Combining -race with -timeout for Deadlocks¶
-race does not catch deadlocks. Use -timeout instead. The default is 10 minutes; for unit tests, set it shorter:
If a goroutine deadlocks, the test runner kills the process after 30 seconds and prints a goroutine dump showing exactly where every goroutine is parked. That dump is your debug output.
A typical mixed test:
func TestDoesNotDeadlock(t *testing.T) {
done := make(chan struct{})
go func() {
ProcessRequest()
close(done)
}()
select {
case <-done:
// success
case <-time.After(2 * time.Second):
t.Fatal("ProcessRequest hung")
}
}
A timeout inside the test itself, plus the outer -timeout, gives two layers of deadlock protection.
Reading Race Reports at Scale¶
A single report is easy. When ten reports fire in one CI run, you need a strategy.
Step 1: Halt on first¶
GORACE=halt_on_error=1 reduces the log to one race. Often that one race is the root cause of the others.
Step 2: Group by site¶
Multiple reports for the same memory address from the same call sites are duplicates. Look for unique (Read at, Write at) pairs.
Step 3: Check the goroutine creator¶
If both racing goroutines come from the same creator, the race is between two instances of the same code. If they come from different creators, the race spans two subsystems.
Step 4: Look at the address¶
The hex address is a heap location. If multiple reports share the same address, they are racing on the same object. Different addresses with the same call sites mean the object is being created repeatedly and each instance has the race (i.e., the race is in the type, not in one instance).
Mapping Reports to Synchronisation Bugs¶
The most common report patterns and their fixes.
Pattern 1: One reader, one writer, no sync¶
Fix: add a sync.Mutex or use a channel. Both accesses must use the same primitive.
Pattern 2: Two writers, no sync¶
Fix: lock both writers. If the writes are independent counters, consider sync/atomic.

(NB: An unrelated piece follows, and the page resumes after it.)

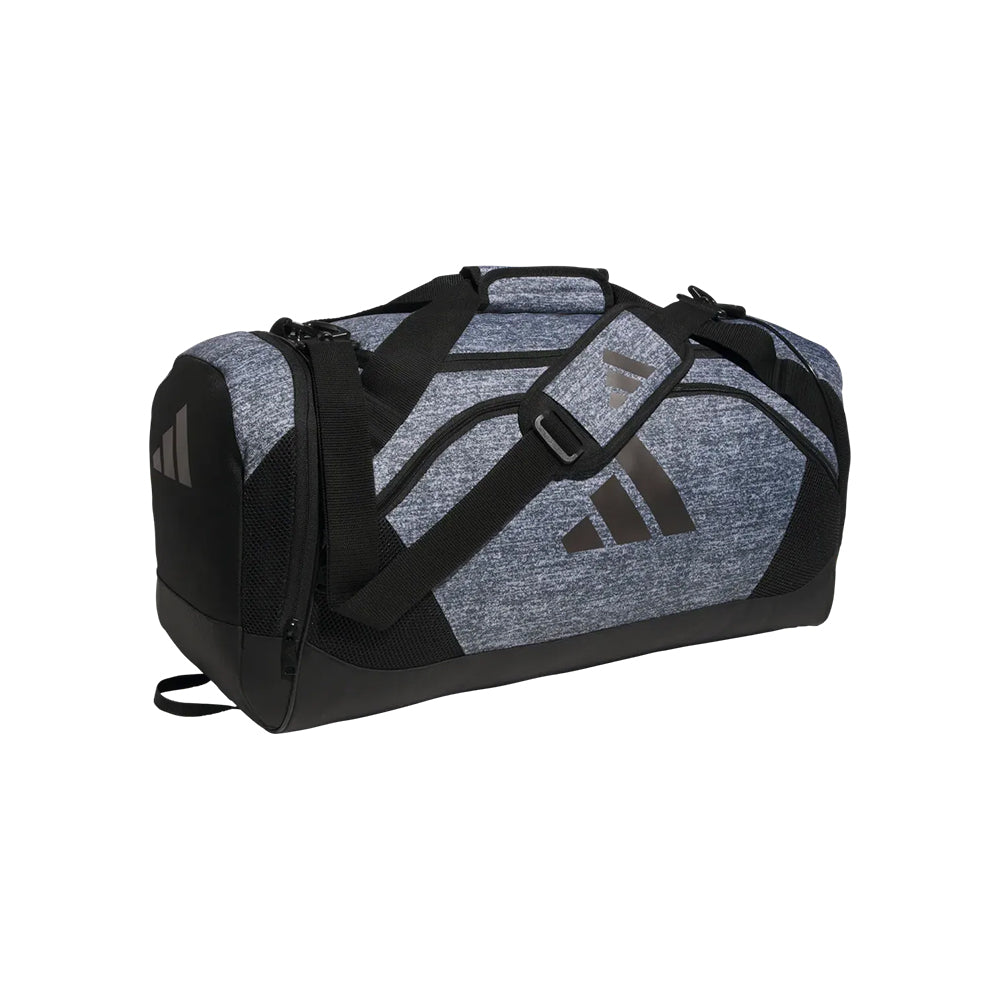 Adidas Team Issue Duffel - Thumbnail 4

Pattern 3: Read with mutex, write without¶
Read at ... by goroutine 8:
q.mu.Lock(); q.buf[i]; q.mu.Unlock()
Previous write at ... by goroutine 7:
q.buf = append(q.buf, x) // <-- no lock
Fix: lock the writer too. Both sides must respect the invariant.
Pattern 4: Channel close vs send¶
Fix: never send on a channel that may be closed. The convention is "only the sender closes." Restructure so close is signaled by a separate mechanism (e.g., context.Done) and the send checks before sending.
Pattern 5: Map without lock¶
Fix: lock all map operations or use sync.Map. Go's runtime also panics with "concurrent map writes" sometimes — same root cause.
Pattern 6: Captured loop variable¶
Fix: pass i as a parameter to the goroutine, or upgrade to Go 1.22+ where loop variables are per-iteration.
Race Detector and cgo¶
-race works with cgo on supported platforms, with caveats:
- Memory accessed only from C code is invisible to TSan.
- Memory passed from Go to C is tracked as a single access at the boundary; TSan does not see what C does to it.
- If C code mutates Go-allocated memory concurrently with Go code, the race is real but the report may be confusing.
Practical advice¶
- For libraries that wrap a C dependency, write a Go-side mutex around all calls into C that touch shared state.
- Avoid passing Go slices or maps into C and modifying them concurrently.
- Test C-heavy libraries with
-raceand inspect the reports carefully; expect occasional confused output.
Race Detector and unsafe¶
unsafe.Pointer casts and uintptr arithmetic can confuse TSan. Common pitfalls:
- Reinterpreting a byte slice as an
int64slice: TSan sees the access at the byte level but the size mismatch can produce odd reports. - Holding
uintptrreferences: not visible to TSan; you lose tracking for those accesses. - Using
unsafe.Sliceorunsafe.String(Go 1.20+): TSan understands these.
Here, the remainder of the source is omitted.